Task prompt -
Transcribe only what runs from the line containing "美式覆古餐具户外露营盘子高颜" through the final line below, exactly, and leave every picture out.

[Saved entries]
——

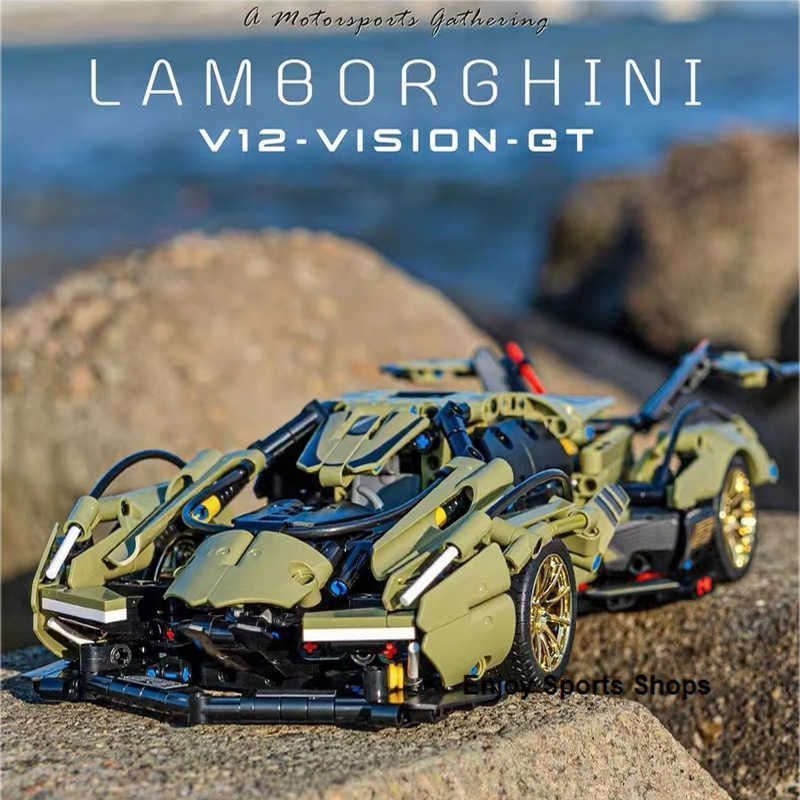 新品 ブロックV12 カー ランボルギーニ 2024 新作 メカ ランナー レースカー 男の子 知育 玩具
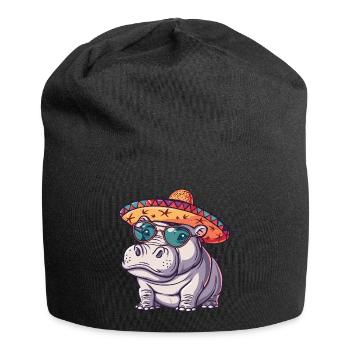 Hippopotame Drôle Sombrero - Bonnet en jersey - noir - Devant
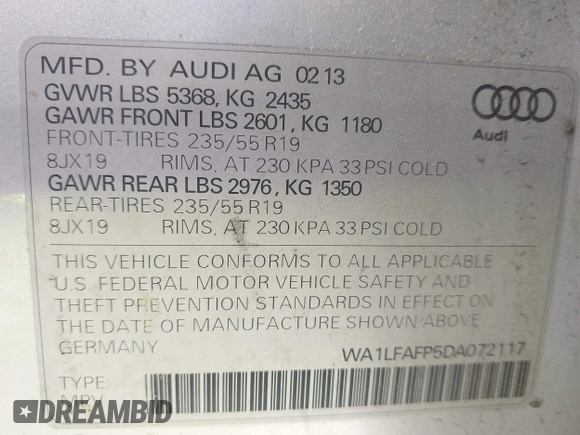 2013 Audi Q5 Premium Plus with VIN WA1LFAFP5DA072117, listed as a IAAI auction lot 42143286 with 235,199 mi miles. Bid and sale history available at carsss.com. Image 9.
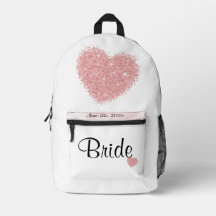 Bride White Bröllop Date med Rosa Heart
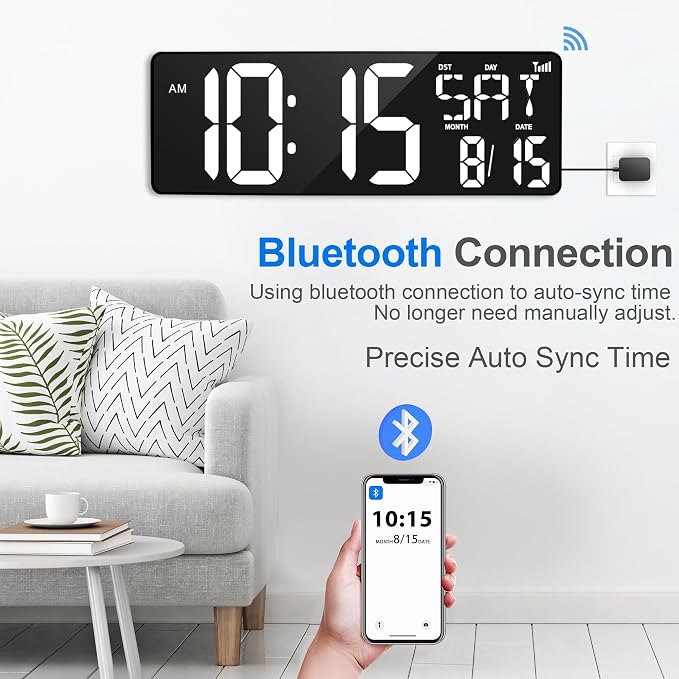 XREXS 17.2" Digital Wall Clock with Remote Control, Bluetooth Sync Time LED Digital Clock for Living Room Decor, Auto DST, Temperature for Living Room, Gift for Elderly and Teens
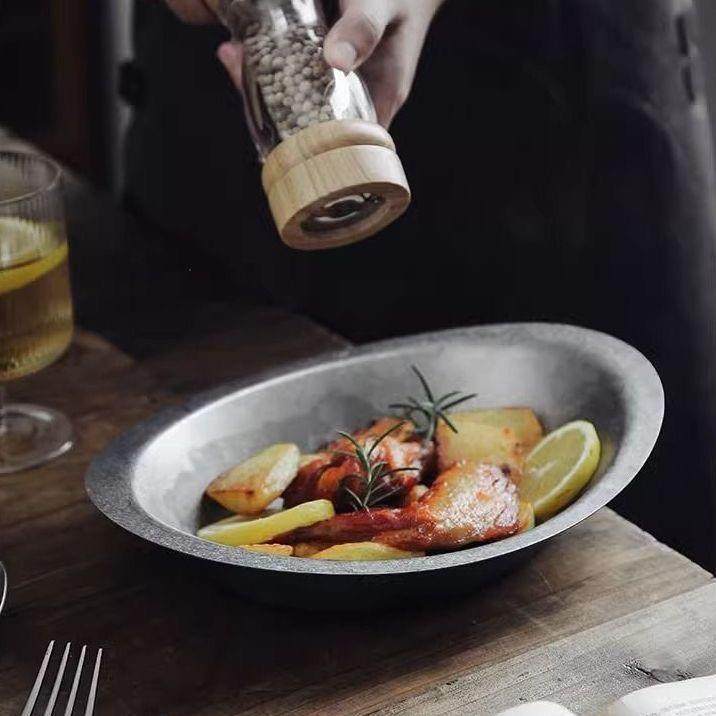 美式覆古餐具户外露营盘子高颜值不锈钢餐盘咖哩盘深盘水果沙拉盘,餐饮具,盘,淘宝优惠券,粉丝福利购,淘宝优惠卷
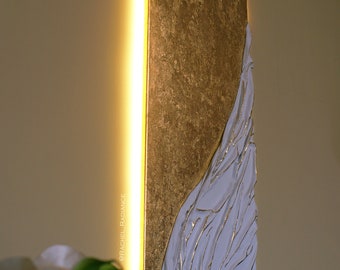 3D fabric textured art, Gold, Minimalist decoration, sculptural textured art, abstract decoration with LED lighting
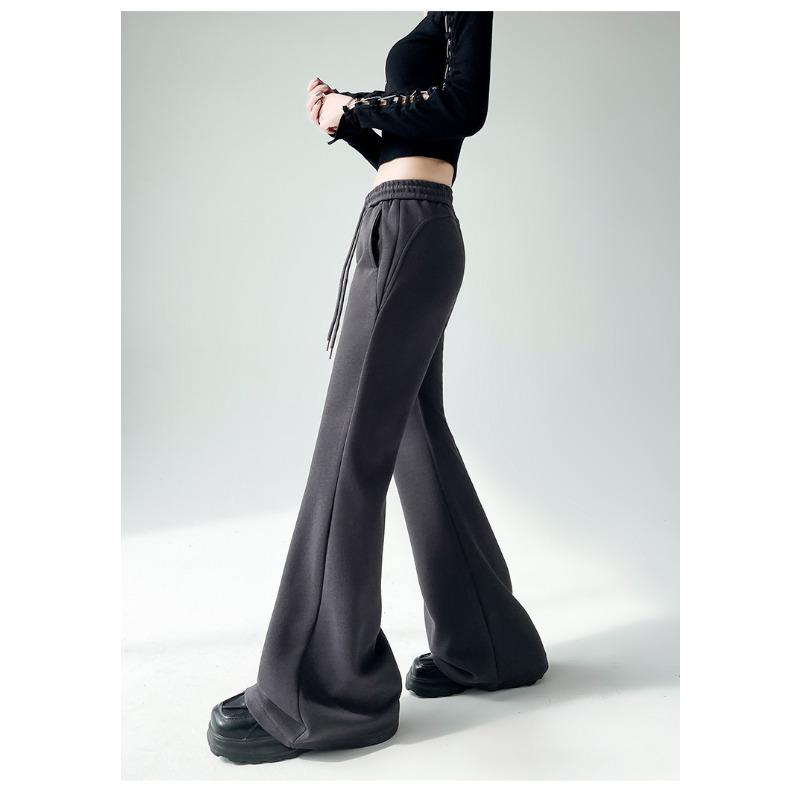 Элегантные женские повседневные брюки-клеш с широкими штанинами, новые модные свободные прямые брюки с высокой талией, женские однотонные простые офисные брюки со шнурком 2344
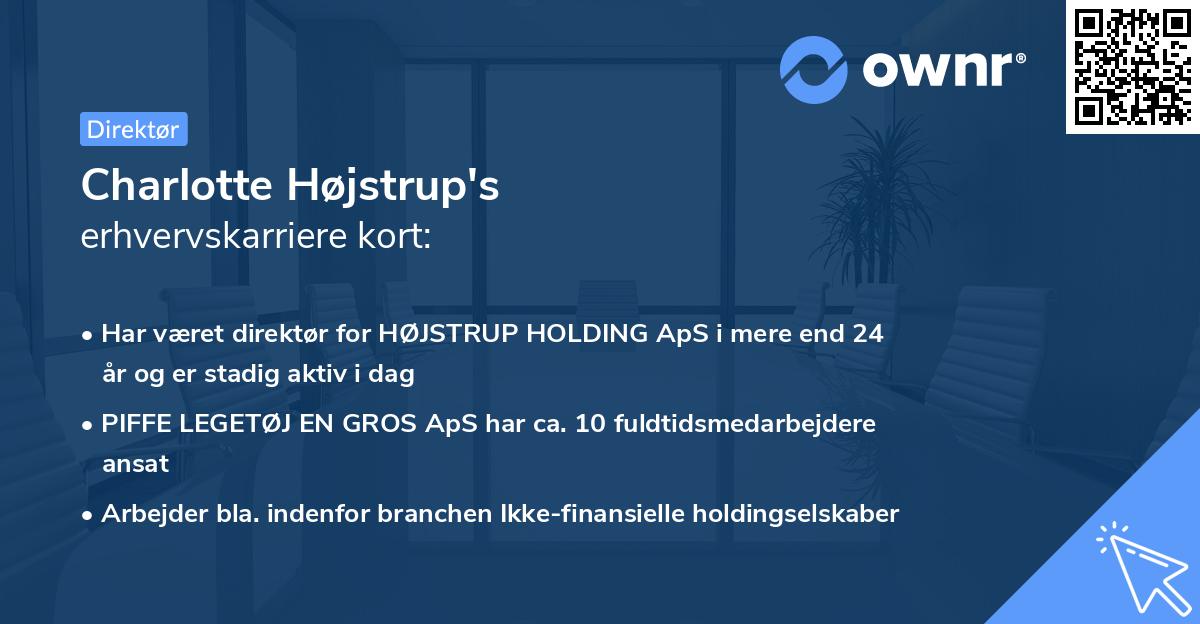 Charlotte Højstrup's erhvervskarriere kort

——

Completed exercise -
 美式覆古餐具户外露营盘子高颜值不锈钢餐盘咖哩盘深盘水果沙拉盘,餐饮具,盘,淘宝优惠券,粉丝福利购,淘宝优惠卷
 3D fabric textured art, Gold, Minimalist decoration, sculptural textured art, abstract decoration with LED lighting
 Элегантные женские повседневные брюки-клеш с широкими штанинами, новые модные свободные прямые брюки с высокой талией, женские однотонные простые офисные брюки со шнурком 2344
 Charlotte Højstrup's erhvervskarriere kort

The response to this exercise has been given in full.